Many European Countries have fixed term parliaments and they work quite well.  The devolved administrations in the UK work on a fixed-term basis.  The Scottish Parliament for example is fixed to a four year term.

A lot of the objections towards the 55% dissolution proposal by the Government surround issues which fit better into a debate about a vote of no confidence.  It is important to realise that the two are distinct.  The Government is proposing to remain the vote of no confidence threshold as it is (i.e. 50% + 1MP).  So, if 326 MPs vote “aye” in a motion of no confidence in Her Majesty’s Government then the Government loses the confidence of the House and another Government needs to be formed.  In such a situation Labour and the Liberal Democrats could try and negotiate a minority Government backed up with the support of the smaller parties, the Conservatives could try to form a minority Government and the other possible combinations that were discussed prior to the formation of the current Coalition could be explored.  If no Government could be formed then a vote to dissolve Parliament would be held and here there would, with little doubt, be more than 55% of MPs voting in favour of dissolution.  However, if another Government could be formed that commands the confidence on the House then they would have the right to govern until the end of the fixed-term parliament or until such times as they lose the confidence of the House of Commons (which ever comes first).
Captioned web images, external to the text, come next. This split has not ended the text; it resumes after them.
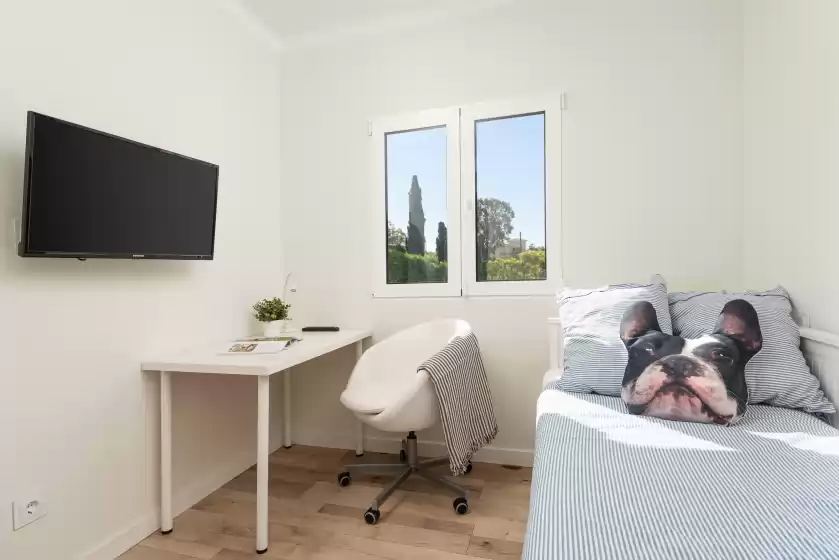 Location de vacances à Ses veles, Lloseta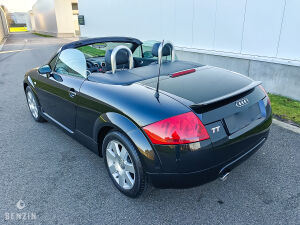 Audi TT Roadster 1.8T *42k km - 2004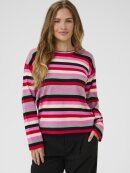 Culture - CUlai Annemarie Stripe Pullove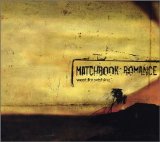 Matchbook Romance - West for Wishing
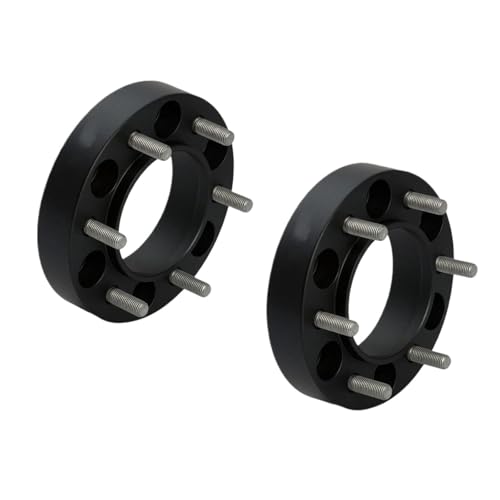 Entretoises de roue 6x130 corrigez le déport de jantes Benz Sprinter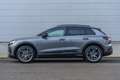 Audi Q4 e-tron 40 204pk S Competition 82 kWh | Panoramadak | SoH Gris - thumbnail 13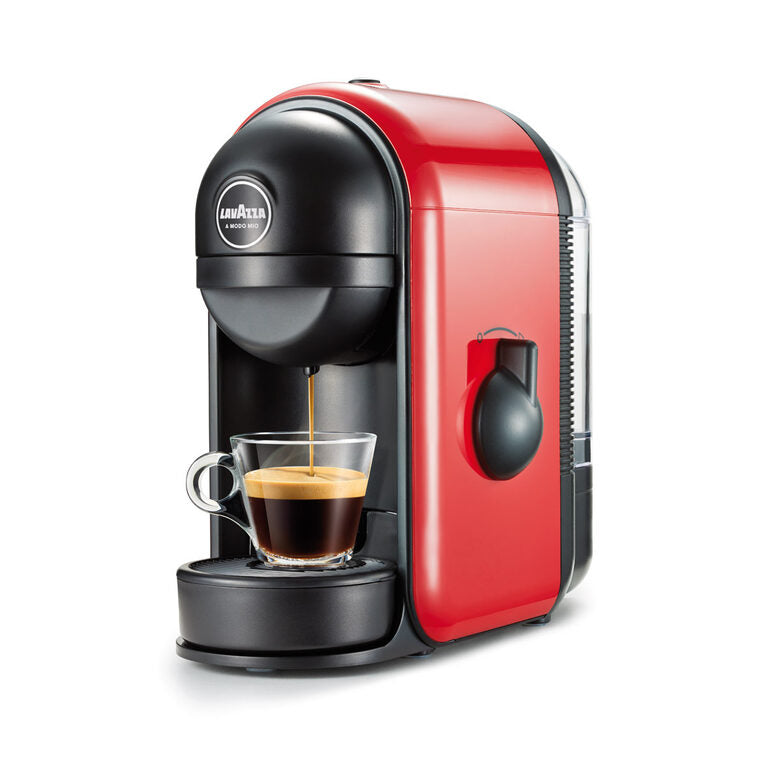 Lavazza MINÙ Automatica/Manuale Macchina per caffè a cialde 0,5 L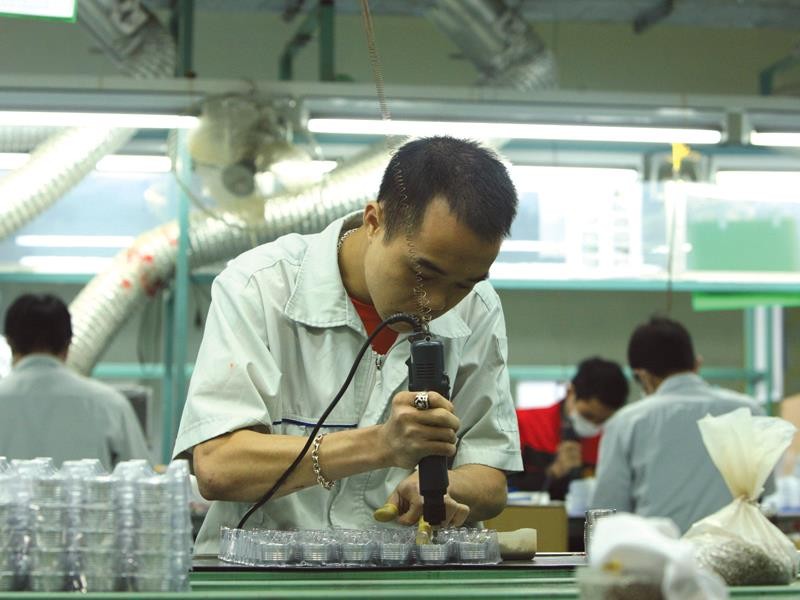 Lượng vốn Kl99ok phiên bản mới là rất quan trọng, nhưng hiệu quả Kl99ok phiên bản mới còn quan trọng hơn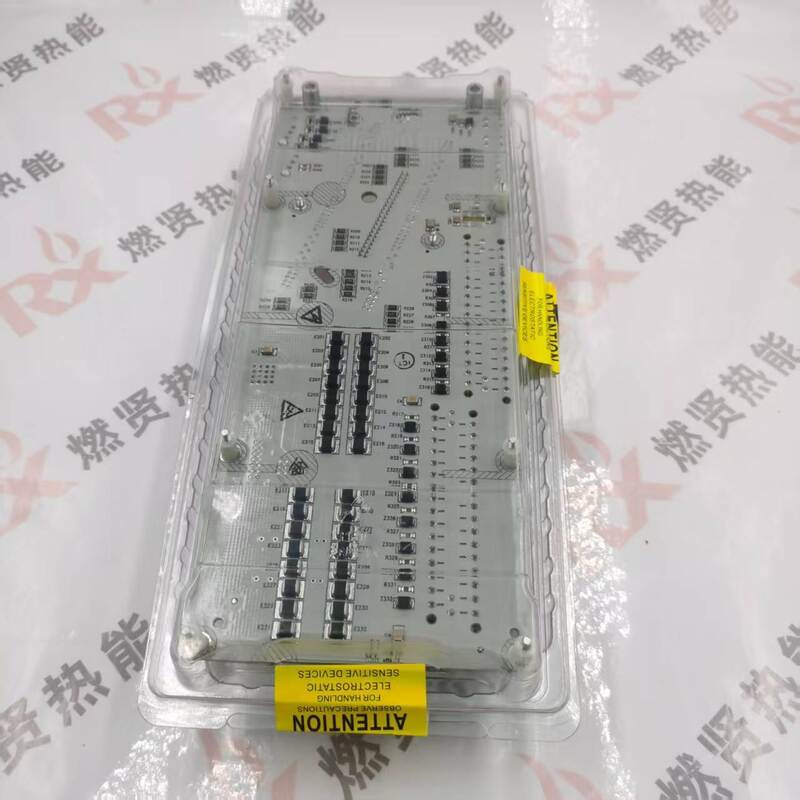 MU-KFTA10  MU-PDIS12 51402625-125 8C CC PKS PLC DCS SIS HC900 Combustion Controller for Honeywell Spot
In the Scottish Parliament there must be a two thirds majority in favour of dissolving Parliament prior to the next scheduled General Election to the Scottish Parliament.  This is a significantly larger percentage than the current coalition Government is requesting.

Requiring a percentage of more than 50% + 1 to dissolve Parliament does not mean that a Government that has lost the Confidence of the Commons can remain in power.  Providing that the Act of Parliament introducing this change is drafted correctly and sets out time scales for how long the House has to try and form a new Government that commands the confidence of the House of Commons before a vote of dissolving Parliament must be held; then there is no reason why it cannot work.
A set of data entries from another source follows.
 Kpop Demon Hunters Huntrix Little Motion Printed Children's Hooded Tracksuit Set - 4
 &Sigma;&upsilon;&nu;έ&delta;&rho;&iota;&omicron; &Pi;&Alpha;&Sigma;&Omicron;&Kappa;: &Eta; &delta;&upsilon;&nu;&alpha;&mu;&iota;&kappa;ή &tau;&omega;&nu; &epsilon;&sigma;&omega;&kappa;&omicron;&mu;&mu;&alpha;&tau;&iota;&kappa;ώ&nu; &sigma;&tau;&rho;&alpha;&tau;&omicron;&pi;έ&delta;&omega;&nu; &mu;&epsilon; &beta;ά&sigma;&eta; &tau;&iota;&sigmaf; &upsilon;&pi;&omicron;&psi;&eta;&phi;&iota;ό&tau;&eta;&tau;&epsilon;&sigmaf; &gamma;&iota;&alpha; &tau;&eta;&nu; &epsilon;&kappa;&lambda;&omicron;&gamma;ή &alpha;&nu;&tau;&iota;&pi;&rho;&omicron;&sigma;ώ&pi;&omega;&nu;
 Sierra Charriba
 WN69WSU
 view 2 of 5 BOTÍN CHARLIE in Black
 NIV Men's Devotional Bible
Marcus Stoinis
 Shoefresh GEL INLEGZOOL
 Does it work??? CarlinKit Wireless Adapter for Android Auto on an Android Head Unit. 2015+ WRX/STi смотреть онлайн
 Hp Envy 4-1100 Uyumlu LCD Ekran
Personally, I if I were introducing these changes then I would be looking to give the House three weeks from the successful vote of no confidence to try and form a Government that commands the Confidence of the House prior to there having to be a vote on the question of dissolving Parliament early.

The concept is an alien one here in the UK because we’re not used to it, but it is not, as some have suggested, an undemocratic proposals.  It makes Parliament much more stable, particularly in situations of a coalition Government (a situation we will have more often if our electoral system is changed from First Past the Post).

On the whole I am very excited about the constitutional changes planned by the Government, and if implemented correctly, will put us in a far better situation than we are at the moment.  In fact, much of what is planned appears in the draft constitution that I wrote a few years back setting out how I would like to see our political system operating.